> _REQUIRED WORK_
Repeat the listing below verbatim, without its images.

> _DATA SEGMENT_

──────────────────────────────

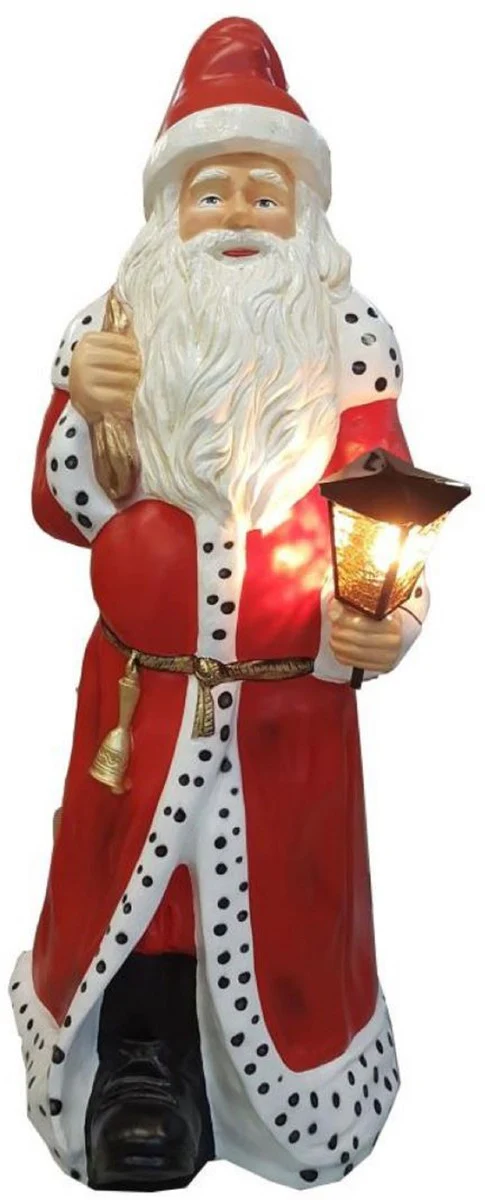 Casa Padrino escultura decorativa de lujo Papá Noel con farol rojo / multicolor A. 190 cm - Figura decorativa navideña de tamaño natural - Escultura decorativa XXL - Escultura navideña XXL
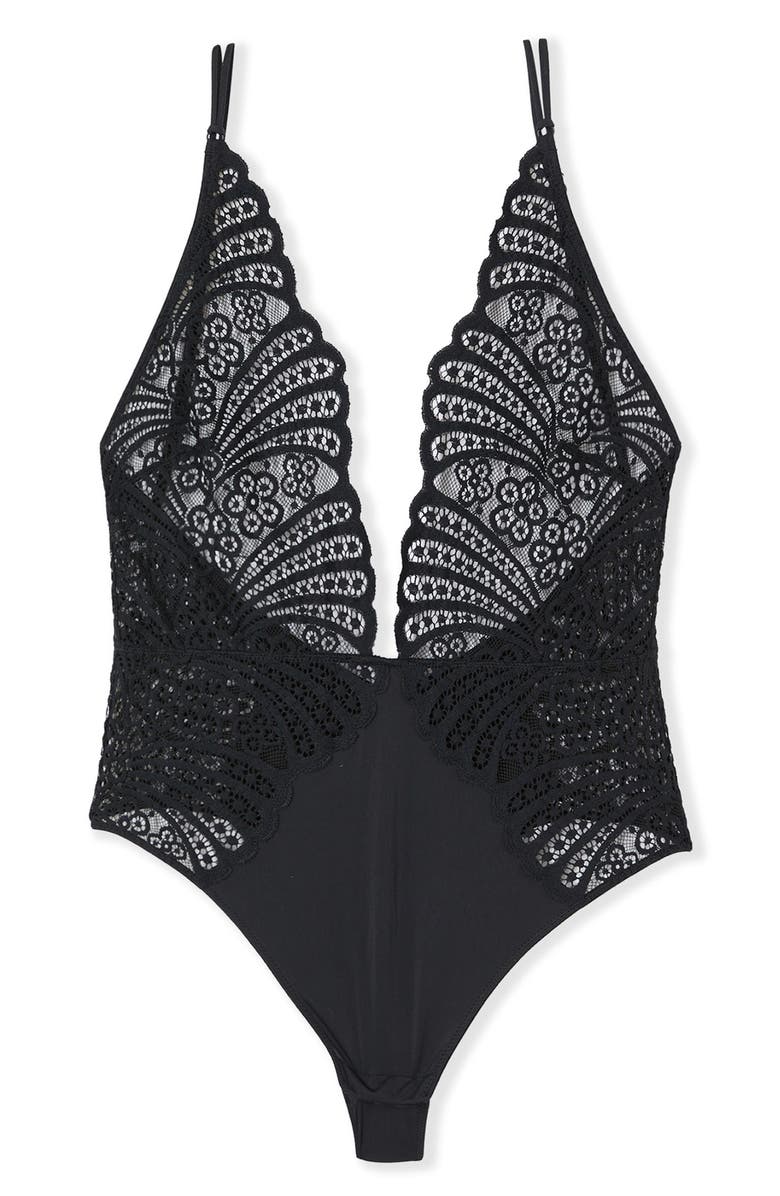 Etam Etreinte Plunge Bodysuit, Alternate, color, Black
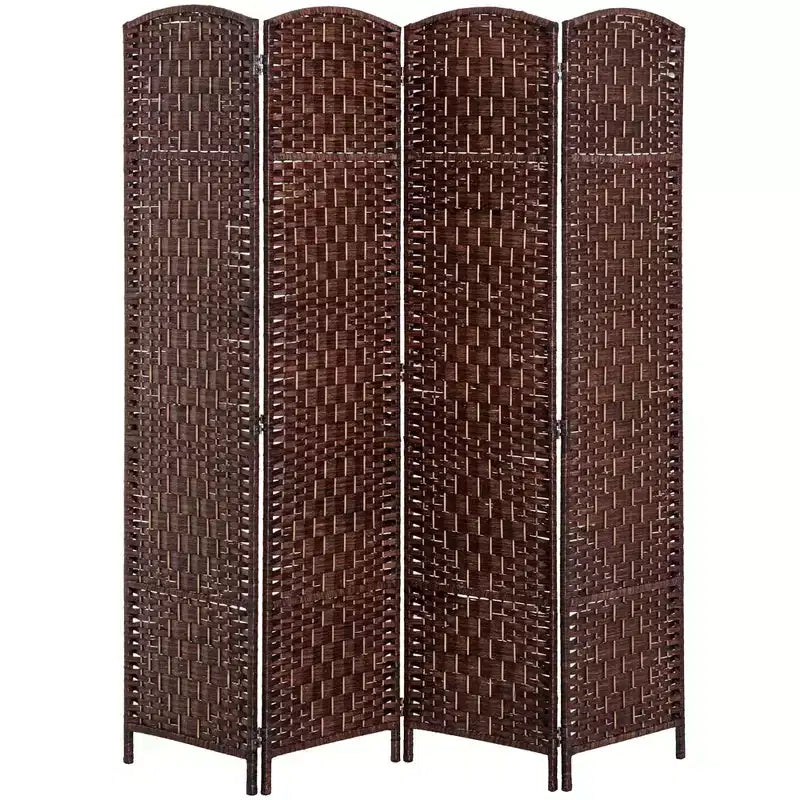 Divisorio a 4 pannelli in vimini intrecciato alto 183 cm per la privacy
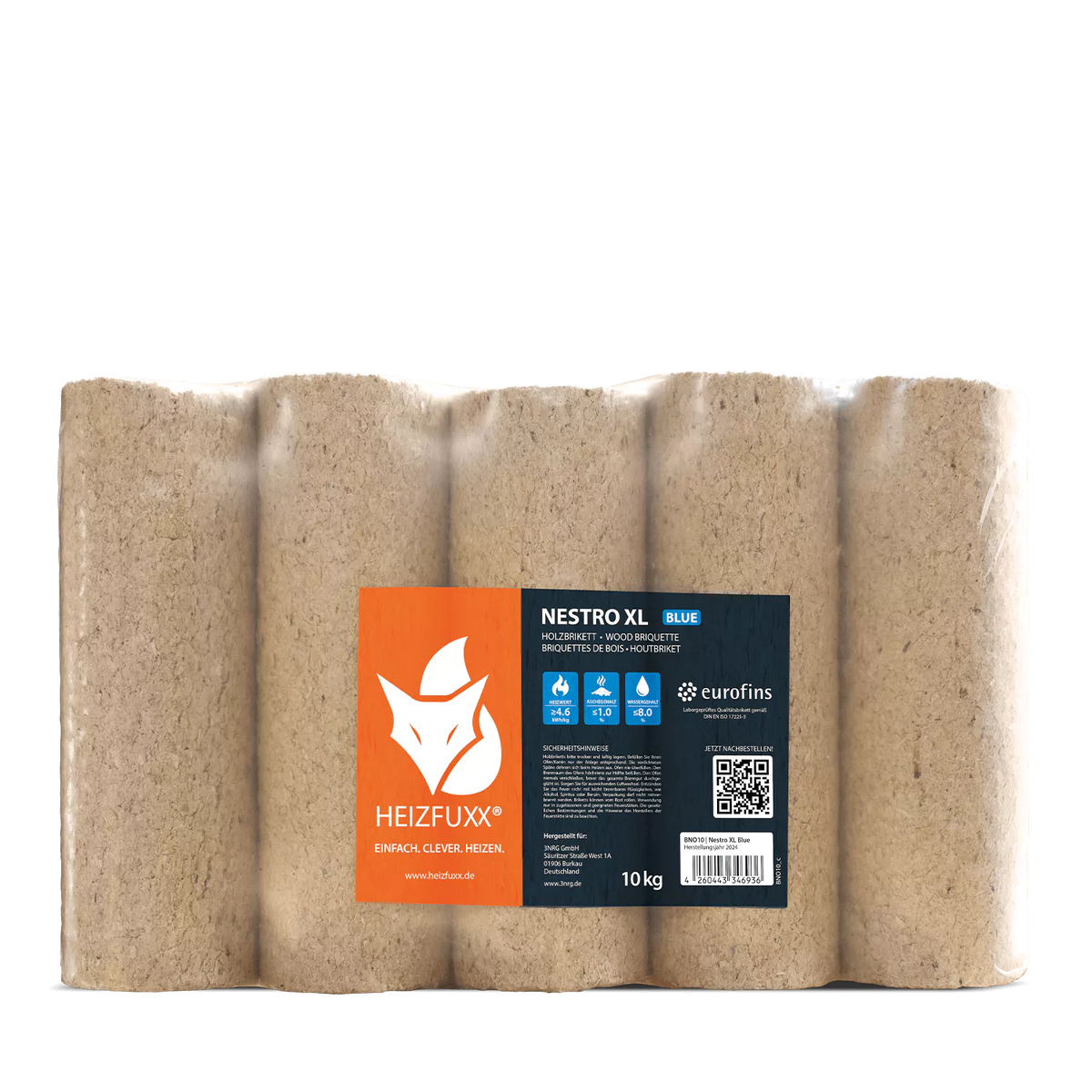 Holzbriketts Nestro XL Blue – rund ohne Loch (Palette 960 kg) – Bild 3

──────────────────────────────

> _EXERCISE ANSWER_
 Casa Padrino escultura decorativa de lujo Papá Noel con farol rojo / multicolor A. 190 cm - Figura decorativa navideña de tamaño natural - Escultura decorativa XXL - Escultura navideña XXL
 Etam Etreinte Plunge Bodysuit, Alternate, color, Black
 Divisorio a 4 pannelli in vimini intrecciato alto 183 cm per la privacy
 Holzbriketts Nestro XL Blue – rund ohne Loch (Palette 960 kg) – Bild 3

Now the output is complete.